» **Work order**: The full listing is to be returned exactly as given, but without pictures.

» **Data block**:
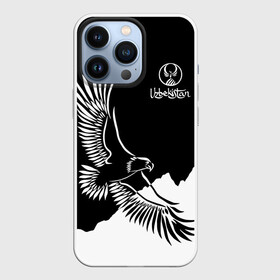 Чехол для iPhone 13 Pro с принтом Узбекистан в Тюмени,  |  | eagle | mountains | republic | silhouette | stencil | uzbekistan | горы | орел | республика | силуэт | трафарет | узбекистан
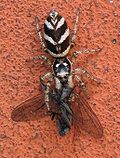 Vorschaubild für Mauer-Zebraspringspinne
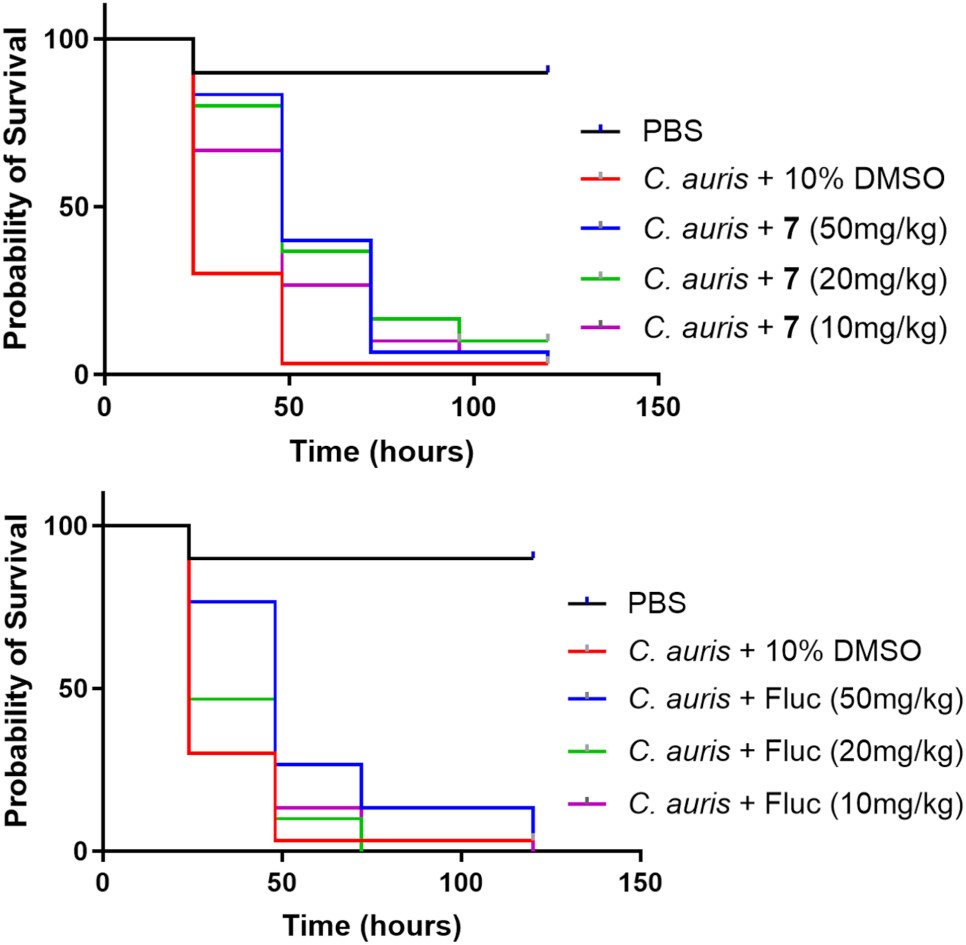 images_large_jm5c01253_0006 New Breakthrough: Novel Azole-Based Compounds Against MDR C. auris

» **Solved problem**:
 Чехол для iPhone 13 Pro с принтом Узбекистан в Тюмени,  |  | eagle | mountains | republic | silhouette | stencil | uzbekistan | горы | орел | республика | силуэт | трафарет | узбекистан
 Vorschaubild für Mauer-Zebraspringspinne
 images_large_jm5c01253_0006 New Breakthrough: Novel Azole-Based Compounds Against MDR C. auris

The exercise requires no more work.